Back in the USL Championship, Laurendi and Energy FC face off with their in-state rival tomorrow, Tulsa Roughnecks FC. Ahead of the first Black Gold Derby of 2019, Laurendi said, “First and foremost, I know it’s cliche, but in the derby matches, everything is elevated. You don’t want that match to take precedence over another, but I believe me and my teammates want to win it for the city, the fans that support us, and selfishly, we want to beat our rival. It’s great that they put together a roster of quality players. In years past, there could be times where you take them lightly due to a lack of results. With the team they have this season, it will get the best out of everyone.

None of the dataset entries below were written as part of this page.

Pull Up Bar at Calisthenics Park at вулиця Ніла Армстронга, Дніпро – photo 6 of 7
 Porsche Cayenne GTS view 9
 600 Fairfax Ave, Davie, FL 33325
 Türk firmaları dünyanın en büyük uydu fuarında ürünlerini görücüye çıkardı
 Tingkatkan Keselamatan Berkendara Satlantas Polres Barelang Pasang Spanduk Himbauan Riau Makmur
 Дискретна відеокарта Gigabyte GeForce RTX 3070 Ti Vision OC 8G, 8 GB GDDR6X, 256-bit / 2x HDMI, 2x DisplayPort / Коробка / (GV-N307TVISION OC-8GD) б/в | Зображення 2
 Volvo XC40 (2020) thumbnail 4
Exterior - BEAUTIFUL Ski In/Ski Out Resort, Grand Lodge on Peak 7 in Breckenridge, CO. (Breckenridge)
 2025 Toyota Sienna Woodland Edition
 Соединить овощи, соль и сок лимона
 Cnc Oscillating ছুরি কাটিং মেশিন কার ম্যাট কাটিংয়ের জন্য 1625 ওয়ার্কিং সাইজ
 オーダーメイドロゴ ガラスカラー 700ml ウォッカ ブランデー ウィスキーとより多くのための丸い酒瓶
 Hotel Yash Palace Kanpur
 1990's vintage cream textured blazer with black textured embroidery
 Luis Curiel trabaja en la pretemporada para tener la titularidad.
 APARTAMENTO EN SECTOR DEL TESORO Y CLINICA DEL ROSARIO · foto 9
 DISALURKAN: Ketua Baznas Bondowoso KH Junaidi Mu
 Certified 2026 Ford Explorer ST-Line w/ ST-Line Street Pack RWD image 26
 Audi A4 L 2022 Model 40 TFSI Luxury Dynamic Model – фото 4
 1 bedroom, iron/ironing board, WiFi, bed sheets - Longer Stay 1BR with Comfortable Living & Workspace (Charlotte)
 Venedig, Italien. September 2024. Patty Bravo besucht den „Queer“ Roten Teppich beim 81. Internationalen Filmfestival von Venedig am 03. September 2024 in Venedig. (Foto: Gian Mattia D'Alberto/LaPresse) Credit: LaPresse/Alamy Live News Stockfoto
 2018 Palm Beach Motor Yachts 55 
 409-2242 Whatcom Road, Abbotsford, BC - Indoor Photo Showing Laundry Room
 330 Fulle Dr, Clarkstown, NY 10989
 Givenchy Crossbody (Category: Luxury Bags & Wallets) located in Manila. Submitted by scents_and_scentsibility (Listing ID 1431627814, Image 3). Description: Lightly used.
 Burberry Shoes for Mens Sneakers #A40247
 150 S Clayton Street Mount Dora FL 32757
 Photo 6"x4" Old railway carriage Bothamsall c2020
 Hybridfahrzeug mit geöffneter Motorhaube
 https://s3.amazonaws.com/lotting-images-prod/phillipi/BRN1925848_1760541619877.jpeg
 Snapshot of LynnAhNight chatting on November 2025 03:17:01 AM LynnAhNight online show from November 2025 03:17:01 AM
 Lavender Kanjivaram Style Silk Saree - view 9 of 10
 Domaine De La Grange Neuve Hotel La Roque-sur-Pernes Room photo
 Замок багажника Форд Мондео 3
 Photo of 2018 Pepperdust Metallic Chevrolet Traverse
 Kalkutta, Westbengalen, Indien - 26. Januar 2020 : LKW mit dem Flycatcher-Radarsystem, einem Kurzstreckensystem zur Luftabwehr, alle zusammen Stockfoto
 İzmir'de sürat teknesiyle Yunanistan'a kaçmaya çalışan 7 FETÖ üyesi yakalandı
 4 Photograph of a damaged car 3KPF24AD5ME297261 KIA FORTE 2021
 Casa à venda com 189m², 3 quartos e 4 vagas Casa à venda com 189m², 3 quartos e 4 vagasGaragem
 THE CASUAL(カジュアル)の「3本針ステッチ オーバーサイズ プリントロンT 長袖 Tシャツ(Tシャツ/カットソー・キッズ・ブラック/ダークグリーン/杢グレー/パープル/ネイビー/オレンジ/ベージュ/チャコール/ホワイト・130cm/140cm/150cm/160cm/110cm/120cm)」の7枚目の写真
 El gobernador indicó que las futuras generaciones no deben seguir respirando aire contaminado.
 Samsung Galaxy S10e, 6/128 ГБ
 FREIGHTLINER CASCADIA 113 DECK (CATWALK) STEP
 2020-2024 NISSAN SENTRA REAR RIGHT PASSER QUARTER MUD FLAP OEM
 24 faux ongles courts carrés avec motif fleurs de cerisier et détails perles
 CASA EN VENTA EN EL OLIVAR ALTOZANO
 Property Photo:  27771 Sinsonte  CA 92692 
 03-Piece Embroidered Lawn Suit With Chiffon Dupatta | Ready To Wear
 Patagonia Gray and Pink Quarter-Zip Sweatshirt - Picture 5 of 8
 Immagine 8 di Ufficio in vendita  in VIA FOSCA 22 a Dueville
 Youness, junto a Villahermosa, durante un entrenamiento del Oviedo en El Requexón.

That’s the way I prefer it.”
Currently sitting 7th in the Western Conference, what expectations does Cody have for this season? “I expect us to compete for the Western Conference championship,” he said. “That’s a legitimate goal. I’m not blind to the fact it’s going to take a heckuva lot of hard work. There’s not really a bad team in the conference. The “2” teams are hard to prepare for any given week because their rosters are so fluid and the standalone teams have the influx of talent because they can potentially pay a top performer more. but, I know we possess the skills, drive, and focus to compete for the title.”
You can see Cody Laurendi and OKC Energy travel to ONEOK Field to take on Tulsa tomorrow night on ESPN+, kickoff is set for 7 PM Central Time.
No matter how many more years he plays, or what he decides to do in retirement, the USL Championship and its fans will have been lucky to have had Laurendi represent them, even if a certain writer (me) is disappointed he moved on from the man bun.